North Korea could hit almost anywhere on earth with a ballistic missile, analysts say, a capability it has honed alongside a wide variety of shorter-range weapons with comprehensive testing that includes a record-setting number of launches in 2022.

In March and November, North Korea sent ballistic missiles soaring more than 6,000km into space. The high-flying trajectories showed a weapon designed to hit another continent, or even deliver multiple warheads.

Pyongyang has also test-fired at least three intermediate-range ballistic missiles (IRBMs) over Japan, including an Oct 4 flight where the missile – possibly a variant of the intermediate-range Hwasong-12 – landed about 3,200km beyond Japan in the Pacific Ocean.

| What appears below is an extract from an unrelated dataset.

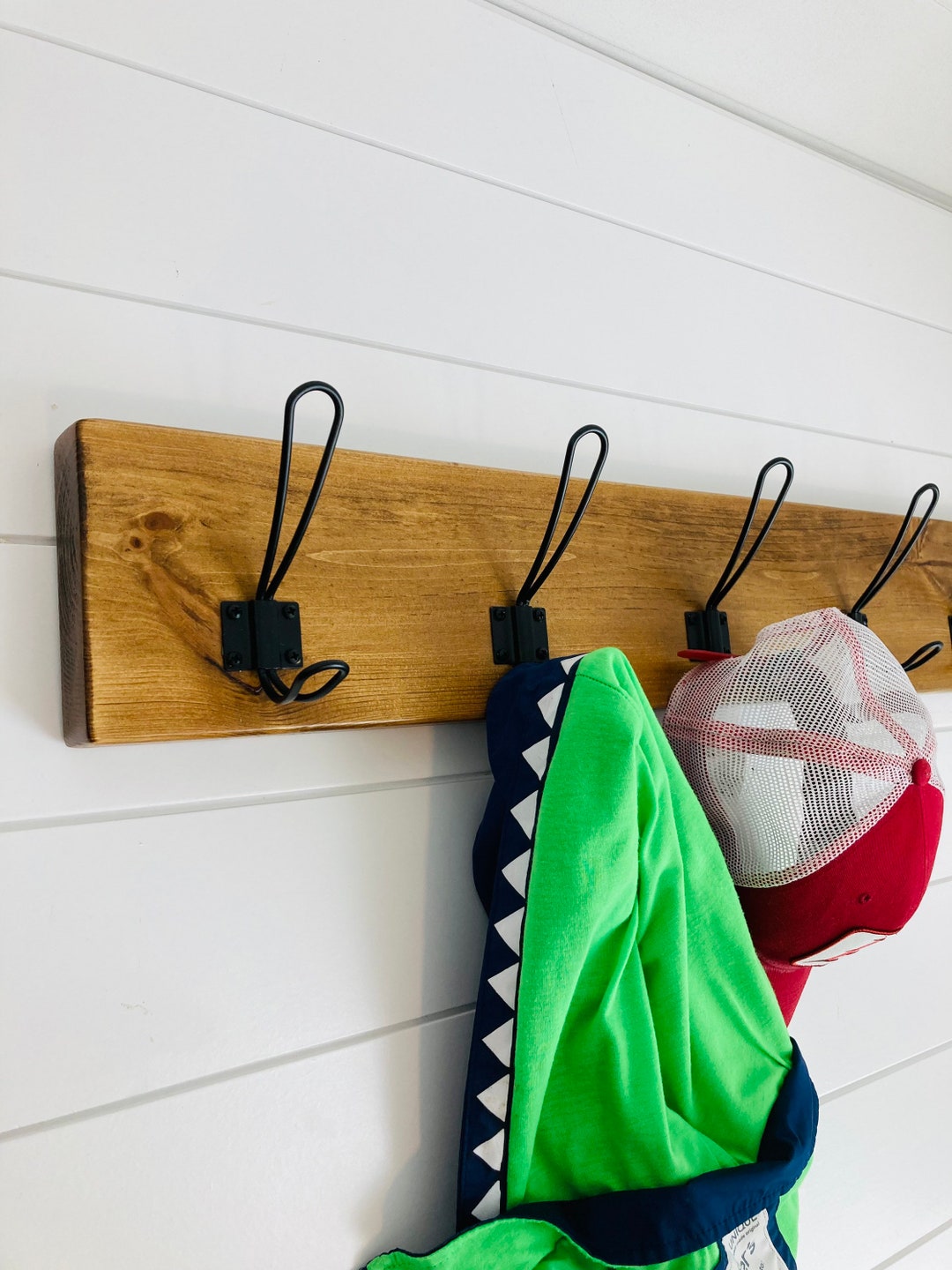 Rustic Farmhouse Coat Rack, Entryway Organizer, Bathroom Decor, Wood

There are many questions over just how reliable and capable the North’s biggest missiles are: It has yet to fully demonstrate some key technologies for ensuring a nuclear warhead survives its fiery decent through the atmosphere and at least some launches appear to have ended in failure.

But analysts say North Korea’s flurry of testing shows it is fine-tuning missiles that could be used in a war, and that it has little interest in giving them up.

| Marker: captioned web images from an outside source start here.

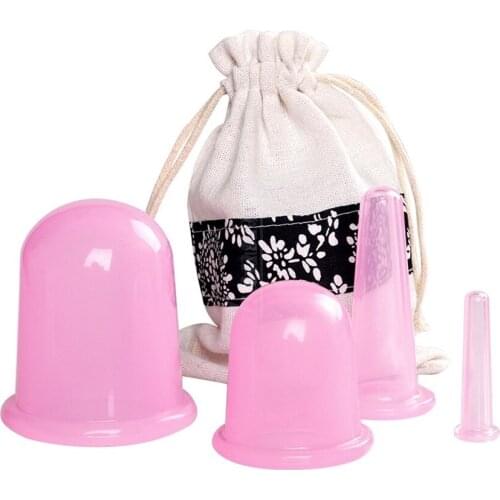 4pcs Silicone Facial Massage Cupping Set Vacuum Body Massager Cups Cellulite Therapy Face Suction Cups Kit Body Helper gift Bag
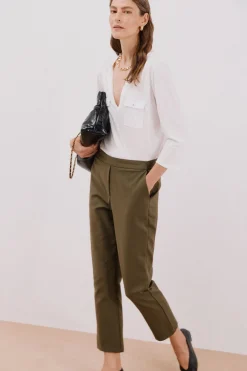 Cortefiel Camiseta cuello mao efecto lino Blanco Online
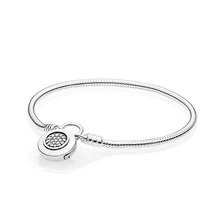 BBee, новинка 925, серебряный модный браслет с замком, бисер, сделай сам, браслет для оригинала Pandora, талисманы, женский браслет, ювелирное изделие, подарок для женщины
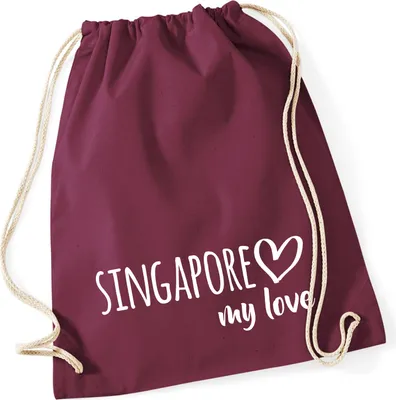 Produktbild von Huuraa Turnbeutel Singapore my love 12 Liter Burgundy Baumwolle Rucksack Geschenkidee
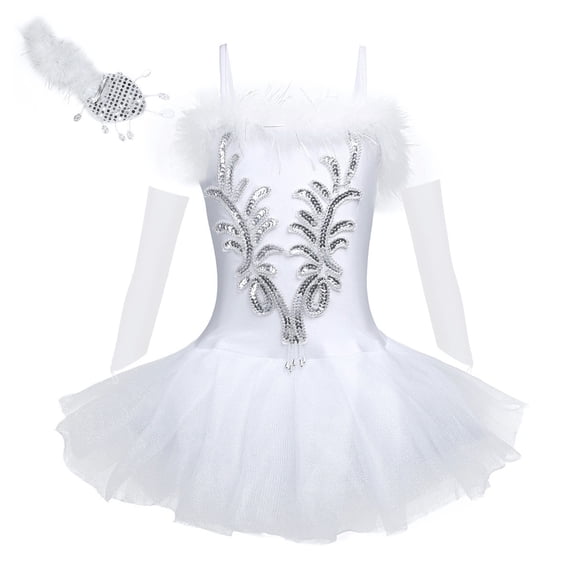 JanJean Girls Ballet Dance Outfit Faux Fur Sequins Swan Tutu Dress with Fingerless Gloves Hair Clip White 10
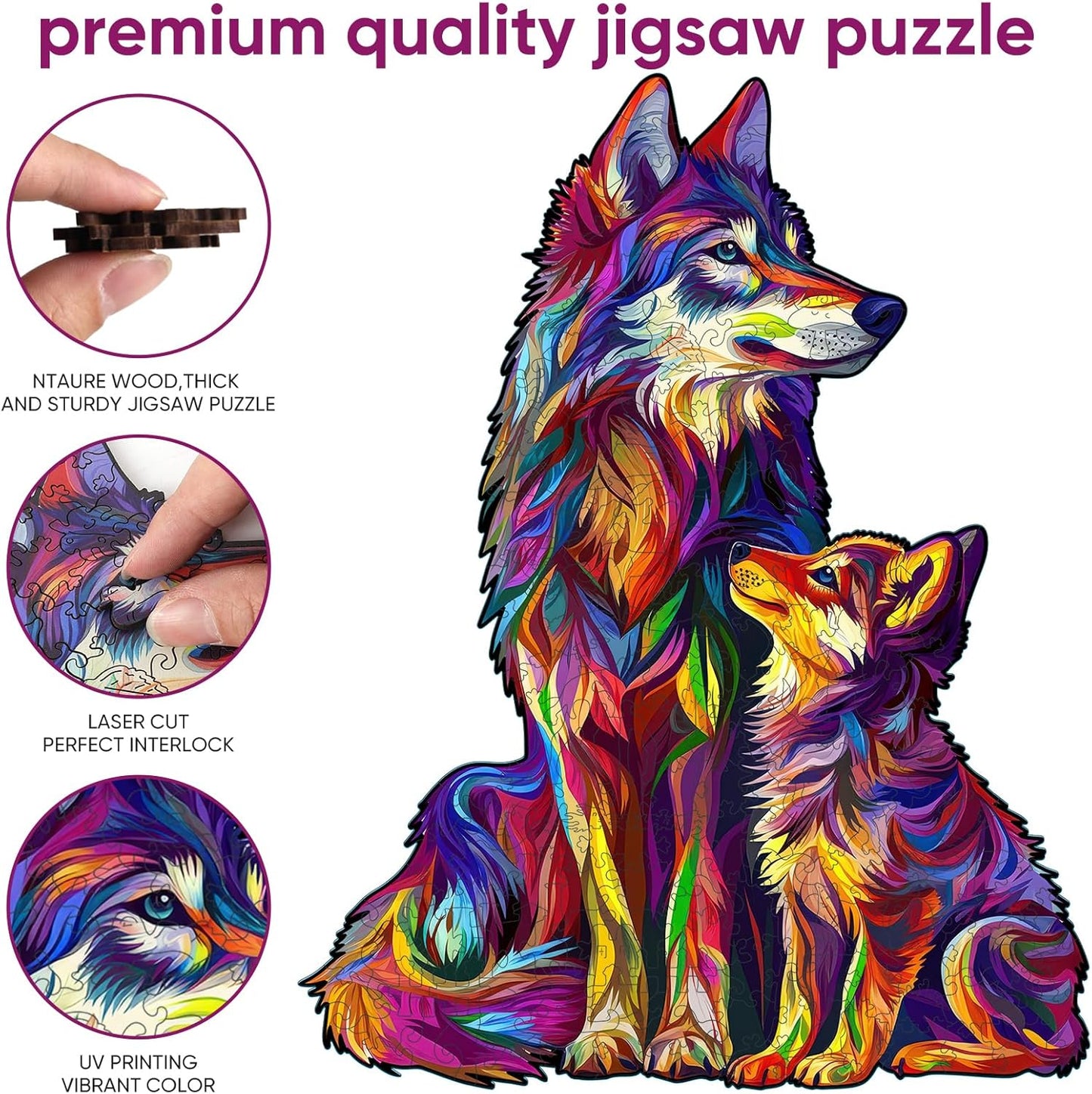 Wolf Puzzles for Adult 500 Piece, Family Wooden Puzzle for Adult, Challenging Puzzle, Luxurious Shaped Wooden Puzzles for Adults, Family Game 15 x 19.2in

North Korea says its ballistic missile development is a legitimate exercise of its right as a sovereign state to defend itself from external threats, including hostile US policy

It has said it rejects UN Security Council resolutions banning missile and nuclear programmes as an infringement of its sovereign rights. It has also said it has the right to space exploration as a sovereign country.

Although long-range weapons get more attention, North Korea has been pouring resources into shorter-range systems too, analysts say.

After historic denuclearisation talks between leader Kim Jong Un and US President Donald Trump fell apart in 2019, Pyongyang rolled out new and increasingly capable short-range ballistic missiles (SRBMs), many of which can manoeuvre to confound missile defences.

Short-range weapons help it prepare for a potential confrontation with its neighbours, especially South Korea, analysts say, which hosts about 28,500 American troops. In North Korea’s testing programme, short-range missiles seem to have been the most successful.